To become accessible to a broader range of users in a translational setting, metabolomics software needs to provide intuitive and transparent control over all processing steps, without limiting more sophisticated uses. This need has been addressed by a batch processing interface, suitable to handle larger series of spectra with standard processing parameters, with an option to create user editable scripts allowing more sophisticated changes and providing access to algorithms from other packages.
Two-dimensional NMR spectra
The fundamental requirements for spectral processing of two-dimensional (2D) NMR spectra, such as J-resolved or HSQC spectra, are similar to those for 1D-NMR spectra. Owing to the reduced congestion in 2D spectra and the smaller number of data points, algorithms such as baseline correction are easier to implement. 2D spectra also present additional opportunities, especially for the assignment of metabolites depending on user driven decisions for ambiguous signals. This requires a spectral library, ideally one that has been recorded for the same field strength and sample conditions (e.g. solvent composition, buffer, sample pH and temperature).
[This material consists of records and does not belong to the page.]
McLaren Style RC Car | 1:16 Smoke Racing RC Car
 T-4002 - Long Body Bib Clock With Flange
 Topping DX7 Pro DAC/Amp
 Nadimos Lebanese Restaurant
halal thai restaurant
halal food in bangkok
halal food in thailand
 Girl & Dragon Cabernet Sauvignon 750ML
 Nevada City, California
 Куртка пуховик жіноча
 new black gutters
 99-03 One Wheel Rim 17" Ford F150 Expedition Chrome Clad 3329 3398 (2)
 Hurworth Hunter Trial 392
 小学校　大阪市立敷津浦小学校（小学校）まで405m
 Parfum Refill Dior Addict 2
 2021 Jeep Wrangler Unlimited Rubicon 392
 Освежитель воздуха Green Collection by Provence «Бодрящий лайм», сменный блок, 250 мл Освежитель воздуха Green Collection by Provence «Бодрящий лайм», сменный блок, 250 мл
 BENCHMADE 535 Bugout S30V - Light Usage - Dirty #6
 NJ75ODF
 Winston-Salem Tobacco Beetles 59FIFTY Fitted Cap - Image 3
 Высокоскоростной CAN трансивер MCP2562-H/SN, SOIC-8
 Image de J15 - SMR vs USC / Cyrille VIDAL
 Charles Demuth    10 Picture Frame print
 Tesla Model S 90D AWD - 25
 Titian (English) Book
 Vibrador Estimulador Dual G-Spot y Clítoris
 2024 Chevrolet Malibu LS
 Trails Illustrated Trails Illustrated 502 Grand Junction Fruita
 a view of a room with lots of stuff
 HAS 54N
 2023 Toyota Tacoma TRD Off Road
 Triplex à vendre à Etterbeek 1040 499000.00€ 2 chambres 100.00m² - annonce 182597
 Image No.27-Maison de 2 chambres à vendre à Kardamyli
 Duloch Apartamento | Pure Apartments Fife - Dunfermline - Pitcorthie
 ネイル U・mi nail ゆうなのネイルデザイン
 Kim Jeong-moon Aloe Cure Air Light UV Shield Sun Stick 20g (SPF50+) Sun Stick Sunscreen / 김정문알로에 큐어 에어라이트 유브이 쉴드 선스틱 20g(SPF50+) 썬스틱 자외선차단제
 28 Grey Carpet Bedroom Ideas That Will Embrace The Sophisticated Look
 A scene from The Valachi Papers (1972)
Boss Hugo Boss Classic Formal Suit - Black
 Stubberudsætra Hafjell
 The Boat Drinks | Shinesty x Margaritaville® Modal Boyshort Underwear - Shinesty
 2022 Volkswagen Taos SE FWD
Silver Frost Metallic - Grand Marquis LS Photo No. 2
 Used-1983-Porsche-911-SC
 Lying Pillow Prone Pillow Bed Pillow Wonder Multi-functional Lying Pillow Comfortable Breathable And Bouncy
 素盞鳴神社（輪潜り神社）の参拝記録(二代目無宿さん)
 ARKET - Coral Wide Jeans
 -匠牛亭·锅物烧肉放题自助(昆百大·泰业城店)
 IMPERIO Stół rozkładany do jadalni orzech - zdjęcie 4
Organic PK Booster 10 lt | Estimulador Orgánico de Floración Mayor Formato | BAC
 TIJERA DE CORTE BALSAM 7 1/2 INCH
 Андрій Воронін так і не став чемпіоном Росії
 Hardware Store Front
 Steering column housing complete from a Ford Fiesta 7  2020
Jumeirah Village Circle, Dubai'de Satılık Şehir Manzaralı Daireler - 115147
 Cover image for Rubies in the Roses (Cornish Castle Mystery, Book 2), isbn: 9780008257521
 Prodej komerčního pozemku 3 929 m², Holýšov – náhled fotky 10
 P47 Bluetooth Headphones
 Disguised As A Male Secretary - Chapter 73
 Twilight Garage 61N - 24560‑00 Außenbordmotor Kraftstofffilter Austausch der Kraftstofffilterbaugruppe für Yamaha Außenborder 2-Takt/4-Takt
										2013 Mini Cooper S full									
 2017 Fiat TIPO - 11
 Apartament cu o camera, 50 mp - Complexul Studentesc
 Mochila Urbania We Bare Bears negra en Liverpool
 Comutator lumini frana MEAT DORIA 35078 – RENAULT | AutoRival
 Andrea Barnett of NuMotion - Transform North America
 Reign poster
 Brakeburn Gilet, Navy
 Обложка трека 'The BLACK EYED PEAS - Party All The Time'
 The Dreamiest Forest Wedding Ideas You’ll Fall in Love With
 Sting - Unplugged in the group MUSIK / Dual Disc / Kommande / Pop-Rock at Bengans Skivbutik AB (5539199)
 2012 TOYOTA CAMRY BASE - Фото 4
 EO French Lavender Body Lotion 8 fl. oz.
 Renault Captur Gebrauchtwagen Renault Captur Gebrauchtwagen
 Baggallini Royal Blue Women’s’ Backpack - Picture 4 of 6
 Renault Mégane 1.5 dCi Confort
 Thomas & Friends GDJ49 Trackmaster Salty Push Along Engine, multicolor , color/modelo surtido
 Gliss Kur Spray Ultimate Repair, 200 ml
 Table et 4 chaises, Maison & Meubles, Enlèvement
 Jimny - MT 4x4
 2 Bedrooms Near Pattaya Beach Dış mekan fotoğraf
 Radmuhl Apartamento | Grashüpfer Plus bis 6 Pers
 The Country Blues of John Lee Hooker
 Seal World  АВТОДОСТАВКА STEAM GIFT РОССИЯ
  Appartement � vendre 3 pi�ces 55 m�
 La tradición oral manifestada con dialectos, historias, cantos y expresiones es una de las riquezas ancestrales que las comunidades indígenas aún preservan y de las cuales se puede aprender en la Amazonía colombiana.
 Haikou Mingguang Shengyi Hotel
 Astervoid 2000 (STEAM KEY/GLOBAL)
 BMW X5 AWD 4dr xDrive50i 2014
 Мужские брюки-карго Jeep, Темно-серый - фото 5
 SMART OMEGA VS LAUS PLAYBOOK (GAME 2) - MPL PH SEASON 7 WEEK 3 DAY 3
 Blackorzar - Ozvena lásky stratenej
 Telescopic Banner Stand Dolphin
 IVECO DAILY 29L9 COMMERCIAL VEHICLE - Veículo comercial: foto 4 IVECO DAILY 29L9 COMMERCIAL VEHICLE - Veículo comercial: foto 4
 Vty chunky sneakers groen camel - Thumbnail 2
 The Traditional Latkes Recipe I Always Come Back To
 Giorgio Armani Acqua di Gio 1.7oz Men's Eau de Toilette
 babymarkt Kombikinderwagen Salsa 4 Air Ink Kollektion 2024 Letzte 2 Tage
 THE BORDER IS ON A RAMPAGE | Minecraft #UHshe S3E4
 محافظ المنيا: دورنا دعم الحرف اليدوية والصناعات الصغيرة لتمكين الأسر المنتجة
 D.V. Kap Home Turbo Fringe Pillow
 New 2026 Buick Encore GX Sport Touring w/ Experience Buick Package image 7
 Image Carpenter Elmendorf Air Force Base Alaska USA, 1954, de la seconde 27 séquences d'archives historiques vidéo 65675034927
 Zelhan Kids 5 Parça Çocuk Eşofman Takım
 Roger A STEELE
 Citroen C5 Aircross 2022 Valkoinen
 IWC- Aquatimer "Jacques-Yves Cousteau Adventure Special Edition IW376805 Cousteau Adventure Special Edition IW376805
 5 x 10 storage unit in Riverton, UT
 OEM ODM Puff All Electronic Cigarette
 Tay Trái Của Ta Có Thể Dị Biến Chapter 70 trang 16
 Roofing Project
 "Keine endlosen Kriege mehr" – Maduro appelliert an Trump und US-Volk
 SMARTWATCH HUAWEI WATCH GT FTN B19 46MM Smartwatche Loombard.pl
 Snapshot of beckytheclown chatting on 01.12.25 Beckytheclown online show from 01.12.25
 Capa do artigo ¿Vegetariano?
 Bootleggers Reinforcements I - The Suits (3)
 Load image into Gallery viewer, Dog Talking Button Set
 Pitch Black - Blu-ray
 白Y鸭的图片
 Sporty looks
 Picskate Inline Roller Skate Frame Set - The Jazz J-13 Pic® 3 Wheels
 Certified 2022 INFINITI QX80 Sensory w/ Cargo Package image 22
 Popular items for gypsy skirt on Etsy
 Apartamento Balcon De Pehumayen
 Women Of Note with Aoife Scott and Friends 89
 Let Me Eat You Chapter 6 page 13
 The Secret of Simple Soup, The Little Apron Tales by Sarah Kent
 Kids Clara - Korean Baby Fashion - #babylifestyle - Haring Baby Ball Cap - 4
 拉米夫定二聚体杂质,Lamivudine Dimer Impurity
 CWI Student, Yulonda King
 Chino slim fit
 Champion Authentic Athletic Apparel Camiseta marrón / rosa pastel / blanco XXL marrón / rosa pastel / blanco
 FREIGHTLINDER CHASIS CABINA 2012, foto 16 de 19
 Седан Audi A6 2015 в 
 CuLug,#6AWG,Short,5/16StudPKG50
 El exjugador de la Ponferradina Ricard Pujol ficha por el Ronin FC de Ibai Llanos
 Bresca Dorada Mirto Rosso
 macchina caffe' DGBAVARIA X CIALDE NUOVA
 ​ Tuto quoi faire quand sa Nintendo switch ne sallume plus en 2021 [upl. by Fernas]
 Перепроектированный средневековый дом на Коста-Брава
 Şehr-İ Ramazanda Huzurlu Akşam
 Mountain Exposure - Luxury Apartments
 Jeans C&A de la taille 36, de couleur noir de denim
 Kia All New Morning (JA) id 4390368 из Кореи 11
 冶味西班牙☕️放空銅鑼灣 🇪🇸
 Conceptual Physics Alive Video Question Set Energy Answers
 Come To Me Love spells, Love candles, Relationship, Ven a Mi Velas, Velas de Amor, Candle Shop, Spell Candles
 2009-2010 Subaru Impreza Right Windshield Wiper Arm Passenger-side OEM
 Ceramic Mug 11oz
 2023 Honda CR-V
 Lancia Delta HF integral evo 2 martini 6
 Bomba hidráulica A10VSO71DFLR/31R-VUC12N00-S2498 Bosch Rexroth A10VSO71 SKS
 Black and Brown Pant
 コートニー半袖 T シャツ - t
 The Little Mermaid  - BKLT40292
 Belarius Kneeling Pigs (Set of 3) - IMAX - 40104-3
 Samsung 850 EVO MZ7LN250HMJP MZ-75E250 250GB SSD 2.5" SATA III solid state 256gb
MetaboLab implements an easy mechanism to add spectral data for metabolites taken from databases.
Assignment decisions will often depend on the size of signal intensities in relation to other signals of the same metabolite, facilitated by the display of intensity values for picked peaks within regions of interests for the resonances of the metabolite of interest. MetaboLab also includes a simple mechanism to transfer peak lists between spectra and automatically adjusts small shifts of signals arising from pH variations.
Results and Discussion
MetaboLab is based on the previously developed NMRLab software , which is a general purpose software tool for multidimensional NMR data processing similar to other freely available software [4–6]. MetaboLab aims to facilitate post-processing steps necessary to prepare NMR spectra for statistical analysis similar to the script based software ProMetab . The major objectives for the MetaboLab software design were,
to create a simple and transparent software interface providing access to state-of-the-art algorithms,
to provide automated or graphically facilitated algorithms, e.g. for phase correction, spectral referencing, glog transform optimisation, baseline correction of series of spectra,
to create a graphical batch processing interface,
to enable data output for statistical packages such as PLS Toolbox (Eigenvector Research Inc.),
to enable semi-automated assignment of 2D-HSQC spectra,
to provide tools capable of generating peak lists and intensities for series of spectra.
One-dimensional NMR spectra processing and batch processing
MetaboLab includes the processing of the original spectrometer data (implemented for Bruker and Varian/Agilent data and parameter files), followed by common processing steps. The free induction decay (FID) is Fourier transformed, phase corrected and referenced, a robust automated algorithm is included for phase correction, which has worked well for most spectra acquired with the Bruker 'baseopt' acquisition parameter. Automated referencing to chemical shift standards such as TMS, TMSP or DSS is available. If no chemical shift standard has been added referencing is performed on the assumption that the transmitter offset has been set to the water frequency .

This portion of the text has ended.